Task objective
A verbatim transcription of the listing below is required, without its pictures.

Information provided
= = = = = = =

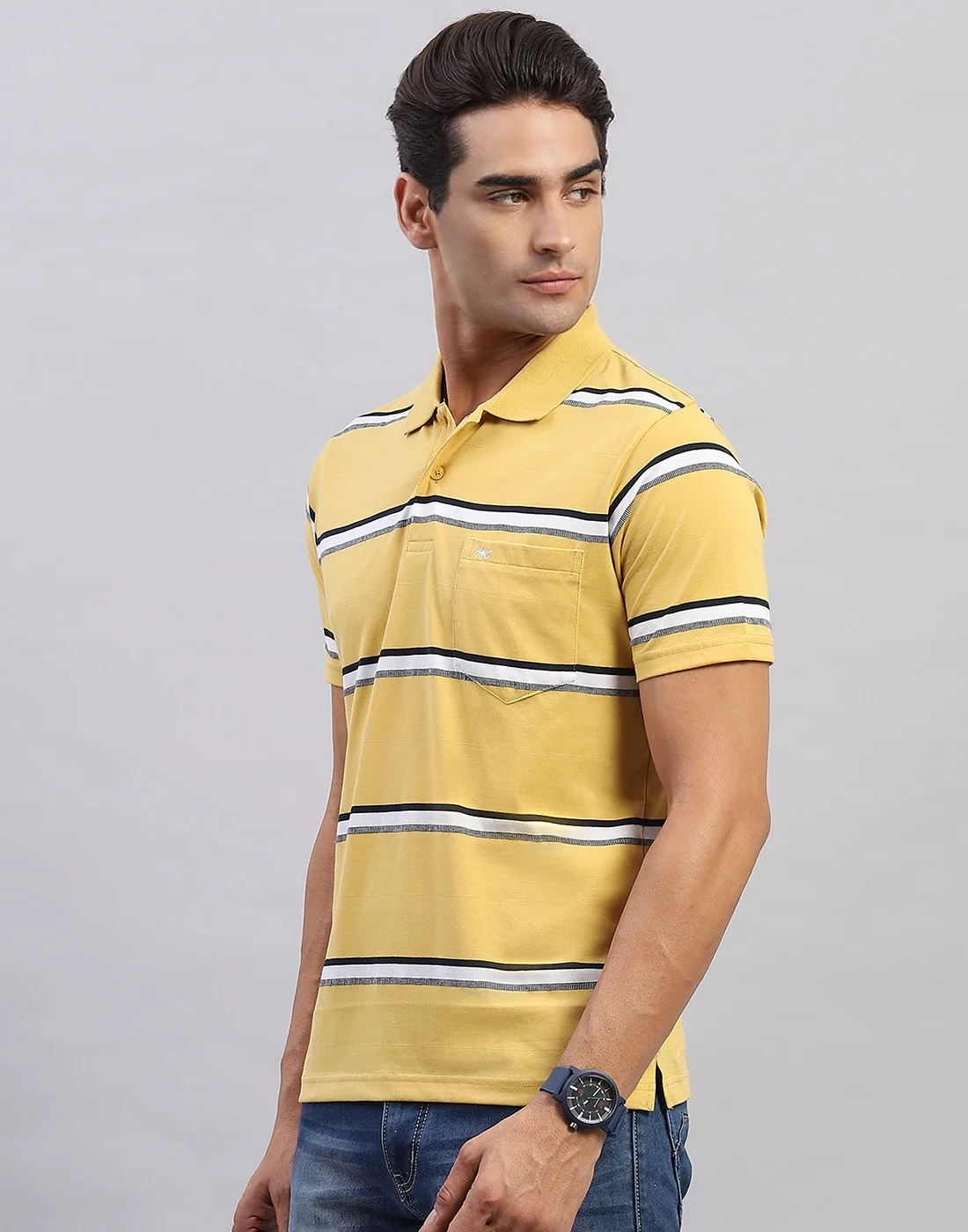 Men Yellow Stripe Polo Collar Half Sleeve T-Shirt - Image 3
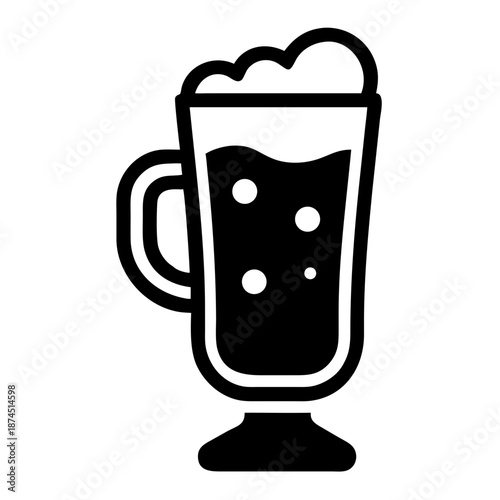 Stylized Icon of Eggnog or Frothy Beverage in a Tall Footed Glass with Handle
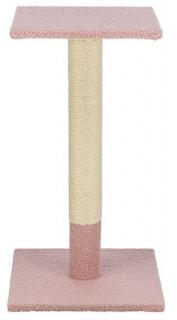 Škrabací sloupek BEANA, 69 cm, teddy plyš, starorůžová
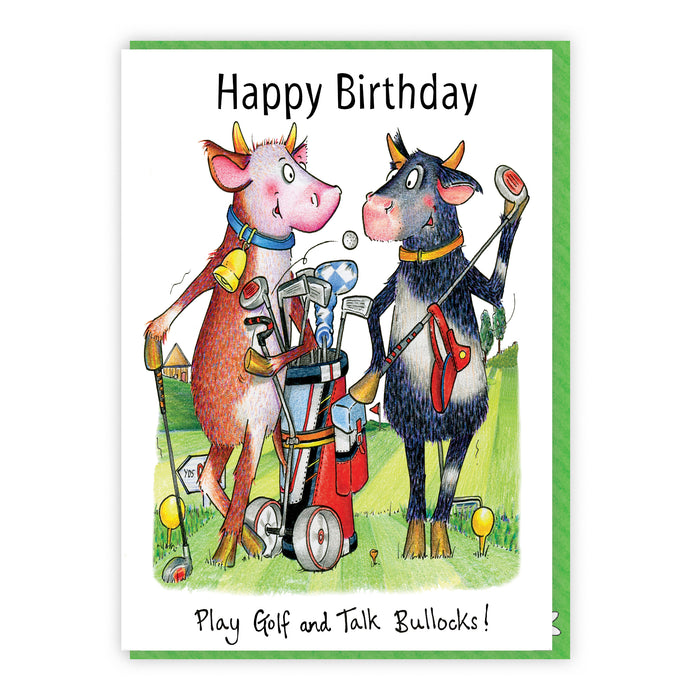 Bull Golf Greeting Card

= = = = = = =

Solution to the problem
 Men Yellow Stripe Polo Collar Half Sleeve T-Shirt - Image 3
 Stylized Icon of Eggnog or Frothy Beverage in a Tall Footed Glass with Handle
 Škrabací sloupek BEANA, 69 cm, teddy plyš, starorůžová
 Bull Golf Greeting Card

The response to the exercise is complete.